[Short text fragments from websites]
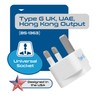 Ceptics UK, Hong Kong, Ireland, UAE Travel Plug Adapter (Type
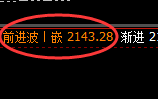焦煤:4小时结构精准拉涨,高点快速回补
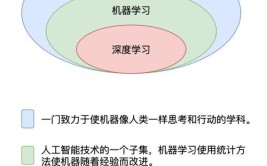 机器学习终端人工智能迈向入门(学习机器人工智能推荐实践)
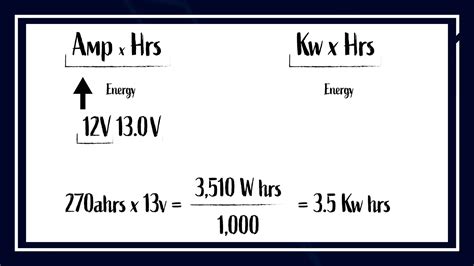 Converting Amp Hours to Kilowatt Hours in a Marine Power System ...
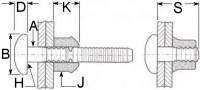 Avdelok Full Collar - 2662 Series Collars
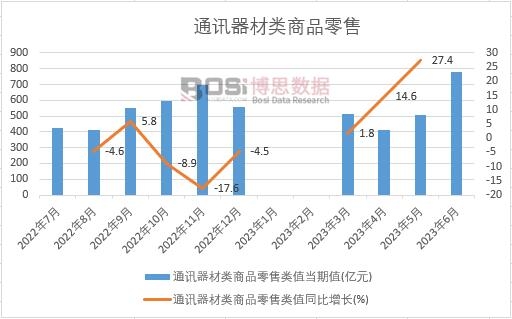 2023年上半年中國通訊器材類商品零售月度統計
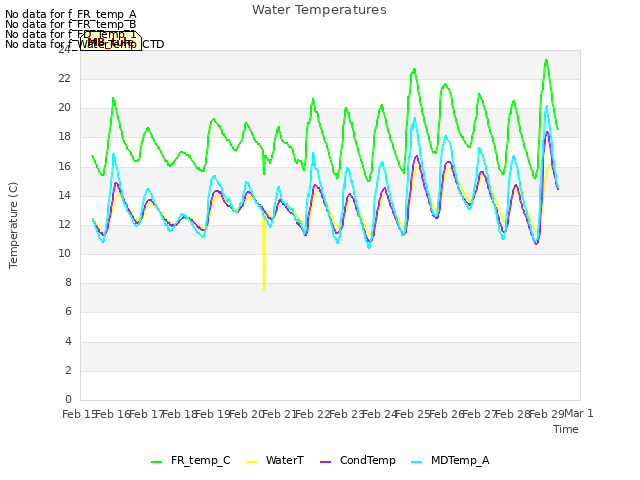 plot of Water Temperatures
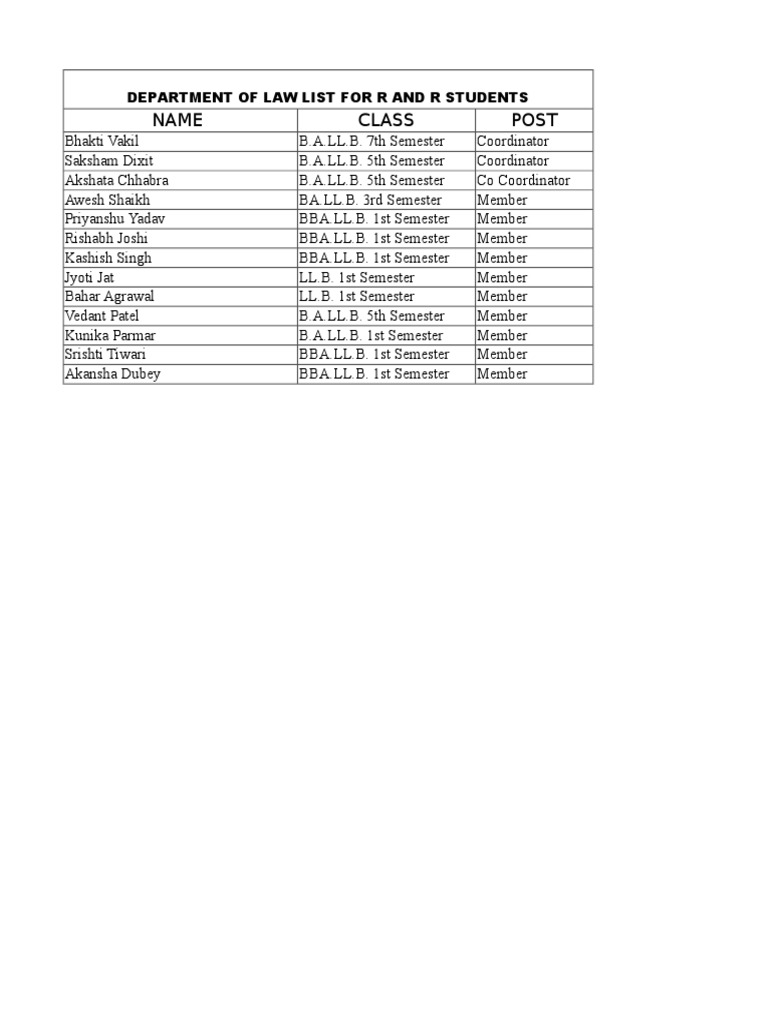 Name Class Post Department of Law List For R and R Students PDF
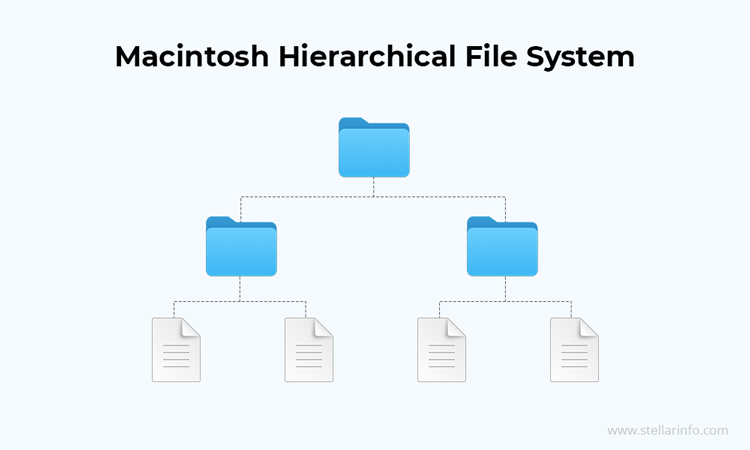 hfs file system in mac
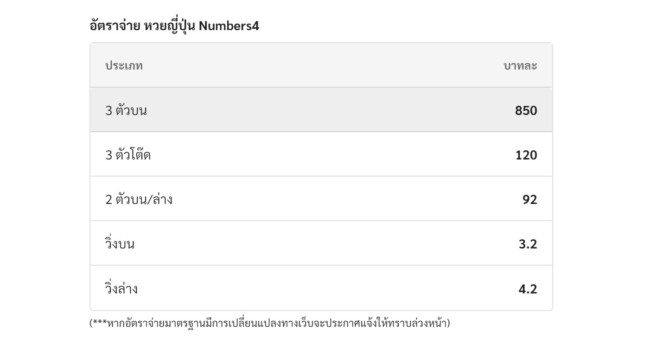 อัตราจ่ายหวย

## PROBLEM TO WORK ON
For this exercise, transcribe the data exactly but without its pictures.

## OUTPUT OF THE TASK
 Ceptics UK, Hong Kong, Ireland, UAE Travel Plug Adapter (Type
焦煤:4小时结构精准拉涨,高点快速回补
 机器学习终端人工智能迈向入门(学习机器人工智能推荐实践)
 Converting Amp Hours to Kilowatt Hours in a Marine Power System ...
 Avdelok Full Collar - 2662 Series Collars
 2023年上半年中國通訊器材類商品零售月度統計
 plot of Water Temperatures
 Name Class Post Department of Law List For R and R Students PDF
 hfs file system in mac
 อัตราจ่ายหวย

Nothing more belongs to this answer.